The energy, resources and infrastructure (ERI) platform's order book increased significantly and is now expected to make a significant contribution to earnings in the 2022 financial year.
In addition to multibillion-dollar infrastructure and resources spend forecast in Australia over the next ten years, M&R expects to benefit from several partnerships currently under consideration in the US that will make Clough US a “strong contender” for engineering, procurement and construction (EPC) projects in the region.
The Clough brand is well established and associated with providing project delivery for more than 100 years on large and technically challenging projects in the ERI industries, Laas says.
The demand for liquefied natural gas (LNG) is expected to recover in the medium term as the global transition to a carbon-neutral economy gathers momentum, presenting further opportunity for growth for M&R.
The ERI platform has near orders of R5-billion and pipeline opportunities of R43.9-billion.
Near orders are tenders where the group is the preferred bidder and final award is subject to financial or commercial close, and there is “more than a 95% chance” that these orders will be secured, M&R’s presentation shows.

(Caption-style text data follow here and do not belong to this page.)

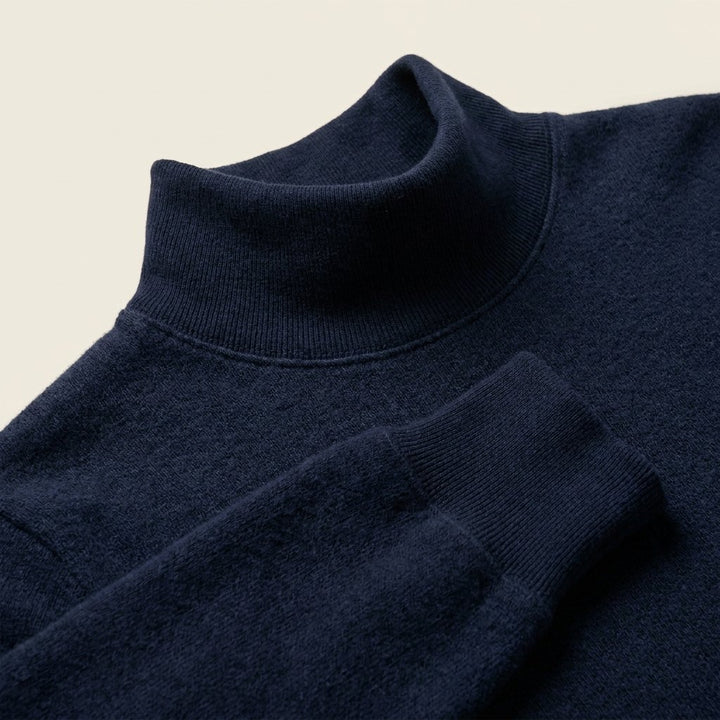 Maverick navy brushed-cotton mock-neck fabric close-up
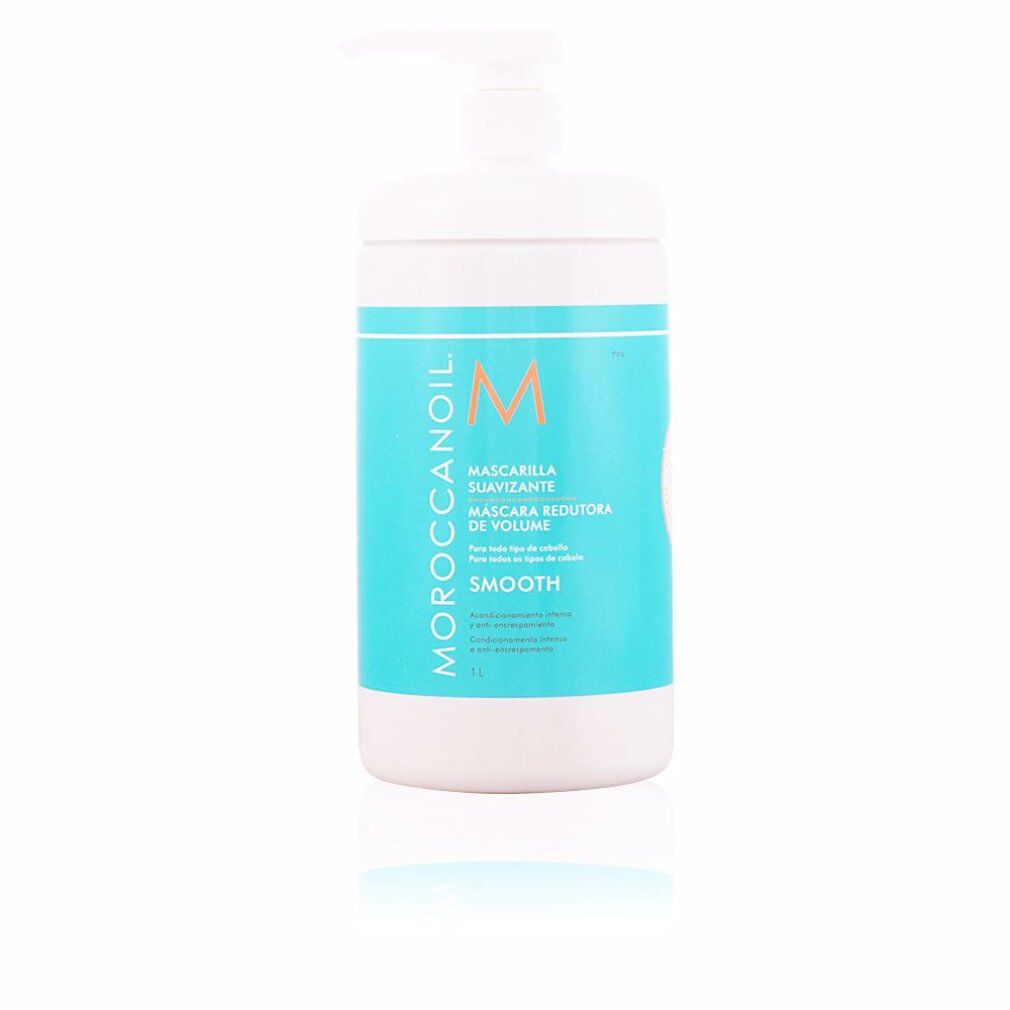 Contenitore bianco con etichetta blu. Scritta Moroccanoil, Mascarilla Suavizante, M. Con pompa.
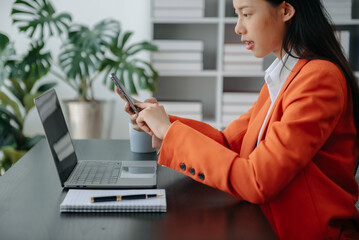 Working Process in Modern Office. Young Woman Account Manager Working at Table with New Business Project. Using Contemporary Laptop.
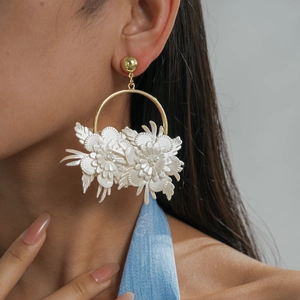 Elegant white leather flower hoop earring detail worn by model for a stylish look.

In terms of M&R's mining platform, which declined marginally owing to Covid-19-related delays, Goldman Sachs and JPMorgan are forecasting a recovery in commodity prices, as well as the start of a new supercycle and a much longer structural bull market for commodities.
Capital investment in the mining sector continues, Laas notes, adding that this is mainly in brownfield expansions, “although it is expected that new investment in new mines will return from mid-2021 onwards”.
Laas further anticipates increased demand for vertical shaft work in Australia and several projects are expected to be awarded during the second half of the 2021 financial year.
In sub-Saharan Africa, the awards and start of new projects has been delayed, but is expected to materialise within the 2021 calendar year.
The platform holds the leading position in most major regional underground mining markets in the western world.
M&R’s mining platform has near orders of R14.7-billion and pipeline opportunities of R44.2-billion.
M&R’s “weakest” platform − power, industrial and water − meanwhile secured no projects of any significant value during the period, and the opportunity for new project awards within the next six-month period is limited, Laas laments.
However, he is encouraged by the recently announced infrastructure plan by the South African government to stimulate the economy, which he says “should present an opportunity in the medium term”.
Several transmission tenders invited by State-owned power utility Eskom are currently under adjudication.
The LNG investments in Mozambique are also unlikely to present an opportunity in the short- to medium term, despite there being “significant regional security risks to the project”, Laas says.
Investment in the South African water sector also continues to be limited.
The power, industrial and water platform for M&R has near orders of R200 000 and pipeline opportunities of R6.6-billion.
In terms of financial results for the interim period, M&R incurred an attributable loss of R167-million for the six months ended December 31, 2020, mainly as a result of the impact of prolonged Covid-19 restrictions, especially in the mining platform.
Revenue from continuing operations was maintained at R10.8-billion, but earnings before interest and taxes decreased to R117-million, from the R419-million recorded in the six months ended December 31, 2019.
M&R recorded a headline loss a share of 8c.